What is the best way you’ve found to market your books?
I am still struggling with this aspect of being a self-published author. For now I just try to post about my book through twitter and interact with other authors there. I have a website and Goodreads that I work on but overall I just try to use social media whenever I can, which isn’t a whole lot. Word of mouth is great and I’ve had a few people, including authors, recommend my book to people around them, so I just need to keep working on social media and word of mouth until things get better.
What is your favorite thing to listen to while you write?
I don’t listen to music often while writing because I find it distracting, but when I am doing notes for my writing, or working on the world map (pretty much anything but actually writing the book itself) I do like to have background music running. Stuff like fantasy beats or historical music from medieval or ancient times.
Do you think it helps authors to have a big ego or hurts them?
I think you need an ego, but not a fragile one. An author is putting a sensitive part of themselves out there to the public, so one needs a healthy ego to have the confidence and drive to know your work is worth reading. You also need your ego to not be fragile so criticism or negative feedback does not set you off or ruin your future efforts. I think an ego helps more than it hurts, but it’s a fine line and depends on the kind of person with the ego.
Do you ever have reader’s block or reading slumps? How do you get yourself out of them?
I get stuck being unable to write all the time. Whether it’s because life is getting too busy or I’m just stuck or not enjoying the writing, I get periods of getting nothing done plenty of the time. I try to get around this by working on other avenues of the author process, like storyboarding new scenes or drawing more of the world map. Doing other tasks that help the book but are not actually writing it can help get me back into it. I also try to just force myself to write a page on bad days, that way even if it’s not great I slowly get some rough draft of what is to come later.
Do you read the genre of books you write? Do you read your own books after they’re finished?
Yes. I read mostly fantasy. I don’t read as often as I’d like but I’m trying to get into it more. Recently I’ve been reading history books to help inspire my writing. I have not read my own book since it was published, mainly because I read it over 7 times during the writing and publishing process. After every round of editing I read the whole book, and I did 4 drafts before editing. I think I’ve read it enough.
Series: Chain of Worlds #1
Published by FriesenPress on 06/21/2022
Genres: Fiction / Fantasy / Epic
Buy on: Amazon CA // Amazon US // Barnes & Noble // Indigo // Bookshop // Publisher // Apple Books // Nook // Google Books // Kobo
The world of Gaia is in turmoil. Humans, goblins, and dwarves try to live their lives as best they can under the rule of the sovereigns—the strange and powerful race whose empire stretches to all corners of the known world—but order and stability seem to be fading.

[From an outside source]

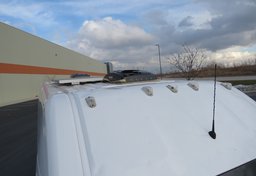 2021 Ram ProMaster - Image 27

The quality of life has lessened, the strength and control of the Sovereign Empire has weakened, and a large movement of rebels, though many would call them terrorists, known as the Lost Seekers, are causing waves throughout the lands.
Nowhere are these changes felt more than the Isles, a small human province of islands, where sixteen-year-old Carver lives with his family and best friend, Helena, in the remote village of Verrel. During a routine trip to the provincial capital of Caswen, Carver and Helena suddenly find themselves in the middle of a violent conflict between the powers of the world, and soon after find themselves being hunted for reasons they do not understand.
Now pulled into events they never dreamed of experiencing, Carver and Helena, along with some close companions, are forced to fight for their lives during a journey of hardships. Monstrous beasts, hostile factions, and even nature itself plague their quest to find safety and seek answers, and nothing is gained without a struggle. However, their continued survival may be out of their control as the powers of the world vie for dominance against one another . . . by any means necessary.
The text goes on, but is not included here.